Finalizo com uma nota pessoal de indignação. Mesmo em livros escritos por especialistas, como é exemplo, embora não seja único (o mesmo acontece nas revistas da Teleculinária), o que utilizei na elaboração deste estudo, há uma omissão imperdoável: falo da “punheta de bacalhau”. É certo que este prato tem o nome mais politicamente incorrecto de toda a gastronomia, mas é importante acabar com a hipocrisia! E, em matéria de investigação científica, devemos por de parte os tabus e tratar as coisas pelo nome.

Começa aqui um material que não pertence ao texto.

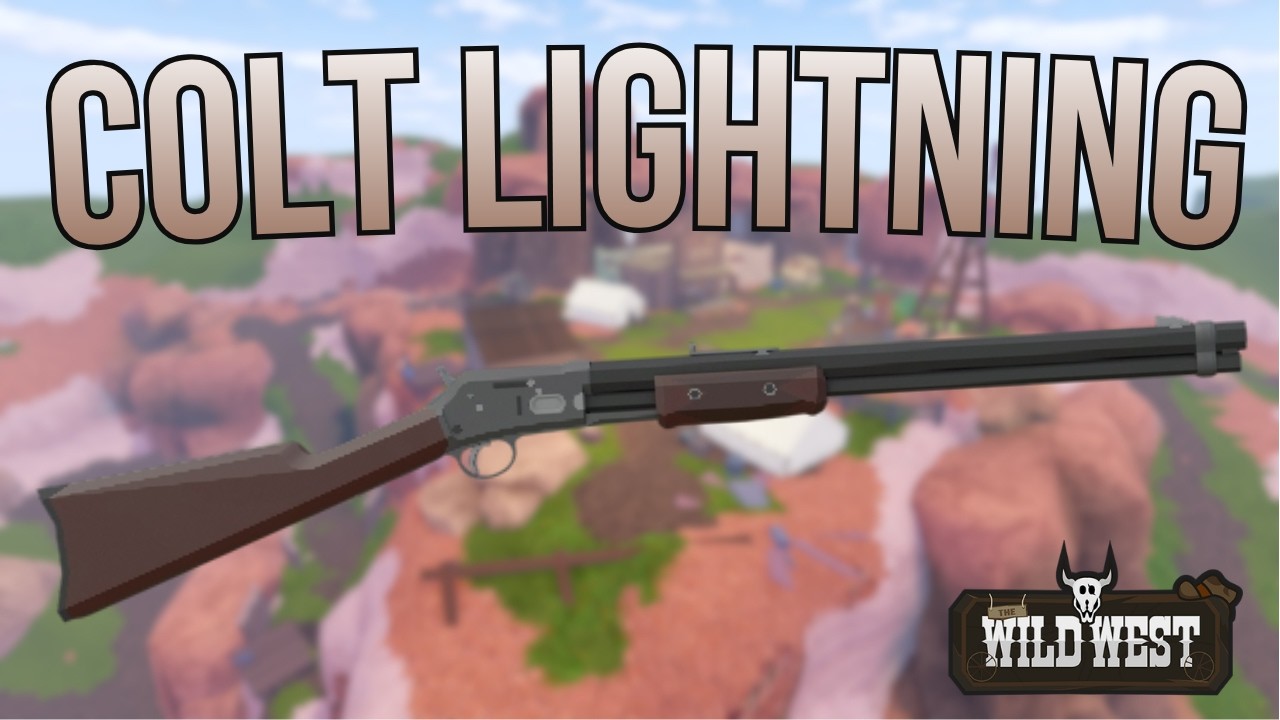 The New COLT LIGHTNING Sneak Peek is INSANE - Next TWW Update?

E é evidente que nenhum estudo deste género estaria completo sem uma referência à punheta de bacalhau, também conhecida por “punheta de fiel amigo” (aliás, é daqui que vem a expressão “fiel amigo”: não há prova maior de amizade do que a estimulação manual erótica a um terceiro). E não adianta fazer de conta que o bacalhau não tem necessidades sexuais: trata-se de um animal, muitas vezes solitário, que tem necessidade do ocasional carinho.
É a todos os níveis lamentável o desprezo a que este prato está votado, até porque ele serve de paradigmático exemplo à tese que me esforço por defender (que os nomes dos pratos guardam em si verdades profundas sobre os bacalhaus); caso contrário, por que razão alguém haveria de chamar “punheta de bacalhau” a uma especialidade gastronómica? Só se for por ter tomates à mistura…




Obrigada, dei umas boas gargalhadas o que faz sempre bem à saúde 🙂


mt á frente este teu pensamento…

“caso contrário, por que razão alguém haveria de chamar “punheta de bacalhau” a uma especialidade gastronómica? Só se for por ter tomates à mistura…”

uma grande verdade….=)


A punheta é boa porque é rápida de se fazer e para quando não sabemos o que fazer (para o jantar, claro!)